• **WHAT IS EXPECTED**
The line with "Papel De Seda" marks where to begin. Please copy it and each line after it to the end of the records below, exactly.

• **SOURCE INFORMATION**
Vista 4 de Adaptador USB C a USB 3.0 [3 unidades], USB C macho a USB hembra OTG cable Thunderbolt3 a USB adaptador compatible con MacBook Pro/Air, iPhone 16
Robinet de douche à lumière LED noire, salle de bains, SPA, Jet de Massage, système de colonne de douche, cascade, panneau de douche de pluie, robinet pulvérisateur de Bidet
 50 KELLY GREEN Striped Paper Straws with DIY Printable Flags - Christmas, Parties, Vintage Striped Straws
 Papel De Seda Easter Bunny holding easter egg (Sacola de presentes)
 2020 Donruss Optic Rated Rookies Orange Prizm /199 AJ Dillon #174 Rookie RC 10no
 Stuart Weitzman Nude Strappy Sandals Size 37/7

• **TASK RESULT**
 Papel De Seda Easter Bunny holding easter egg (Sacola de presentes)
 2020 Donruss Optic Rated Rookies Orange Prizm /199 AJ Dillon #174 Rookie RC 10no
 Stuart Weitzman Nude Strappy Sandals Size 37/7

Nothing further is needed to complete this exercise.